Temporal Histograms
Dealing with temporal data can be tricky. Create a temporal histogram to show the distribution of events over time by first relaxing some of the requirements to solve a specific case, then enhancing the solution to make it more generic.
April 28, 2008
Recently I received a request from a customer to come up with a solution that produces temporal histograms—histograms showing the distribution of events over time periods. The problem was an interesting challenge and seemed like a generic need, so I decided to cover it in my column. First, I’ll explain the problem in terms of inputs and desired output. Next, I’ll provide a solution that handles only a specific case of the problem. Then, I’ll show you how to enhance the solution to make it more generic.
The Challenge
Suppose that you have a table called Events in your database, containing information about events in time. These events can be appointments, sessions, or anything that has start and end points in time. The Events table has three columns: event_id is the primary key, event_start is the start point in time of the event, and event_end is the end point. Run the code in Web Listing 1 to create the Events table in the tempdb database and populate it with sample data. You need to write a table function that accepts the following inputs:
@from_dt —start point of a datetime range @to_dt—end point of a datetime range @date_part—a datetime part from the enumeration: 'minute', 'hour', 'day', 'week', 'month', 'quarter', 'year' @num_parts—the number of datetime parts to be covered in each step
The table function should produce a histogram showing the number of active events during each fixed interval of time within the requested datetime range. The intervals of time, or steps, are based on the input @date_part and @num_parts.

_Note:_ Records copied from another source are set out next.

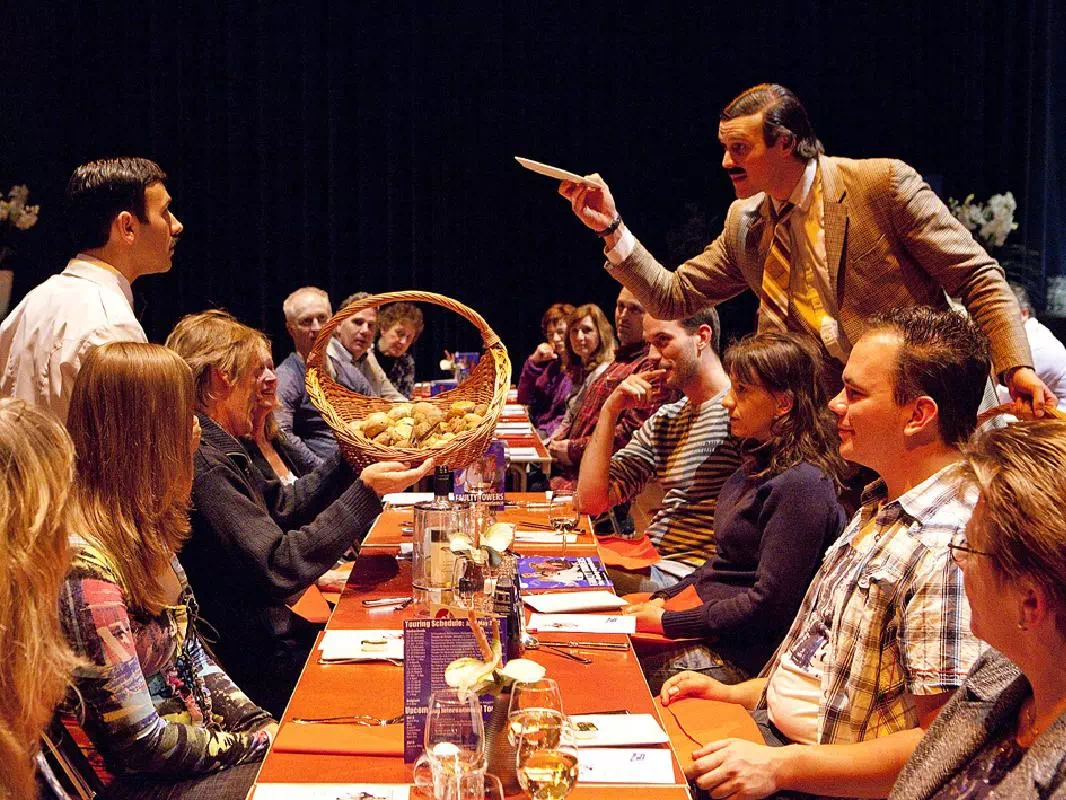 Faulty Towers Dining Experience: London Discount Theatre Tickets 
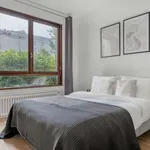 Rent 1 bedroom apartment of 43 m² in paris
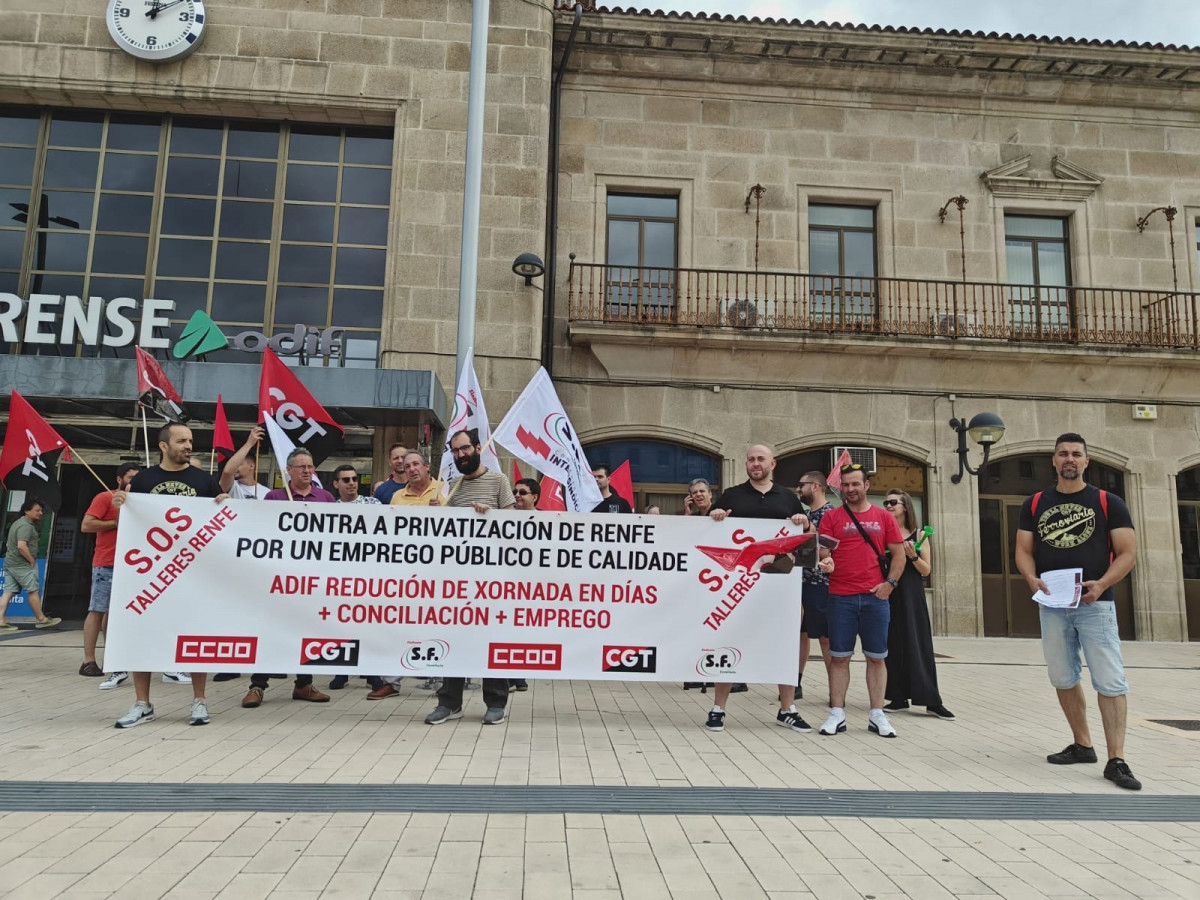 Protesta de trabajadores del sector ferroviario en Ourense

The problem is best explained through an example. Given the inputs @from_dt = ‘20080501 00:00’, @ to_dt = ‘20080511 00:00’, @date_part = ‘day’, @ num_parts = 1, you’re supposed to produce the output in Web Table 1. Each row in the output represents a different fixed interval of time (from_dt - to_dt) within the requested datetime range. Because the requested date part is ‘day’, and the number of parts is 1, each step in the histogram represents one day. The fourth column in the output (num_events) holds the count of events from the Events table that were active during the current interval.

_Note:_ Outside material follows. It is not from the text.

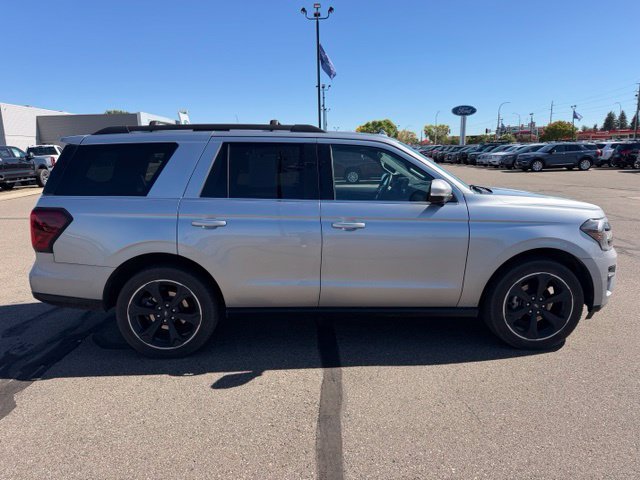 Used 2024 Ford Expedition Limited AWD/4WD image 11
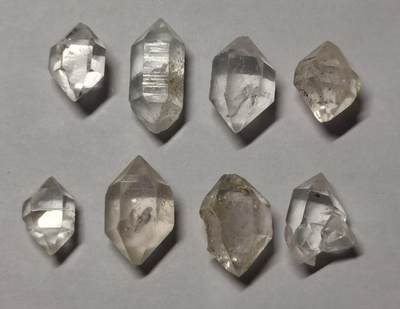 七河·世界币章小拍（总第34期） - 藏家出品 X686（13）云贵闪灵水晶原石一组 8 件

Regarding the histogram step boundary points, one of the requirements from my customer was to produce round points in time (round in respect to the input @ datepart), except for the extreme boundary points that must be the ones provided by the user. For example, given the inputs @from_dt = ‘20080501 12:30’, @to_dt = ‘20080510 10:00’, @date_part = ‘day’, @num_parts = 1, the step boundary points should be those in Web Table 2. Notice that the first step’s low boundary point is 2008-05-01 12:30:00.000 and the last step’s high boundary point is 2008-05-10 10:00:00.000, whereas all the other step boundary points represent whole days (in terms of day units).
Producing the Histogram Steps
You can start by creating a table function (call it fn_HistSteps) that returns the histogram steps table based on the previously mentioned input parameters. The function will return a row for each step with the step boundary points. Once defined, you can join the function with the Events table to match steps and events, group the result of the join by step, and count the number of events in each step.
So that you don’t have to deal with too many aspects of the problem at once, you can first relax some of the requirements. For example, take the @date_part and @num_parts inputs out of the equation, and solve the task for a specific interval—say, one day. After you manage to solve the problem for a specific interval, you can add the logic required to handle the requested @ date_part and @num_parts inputs.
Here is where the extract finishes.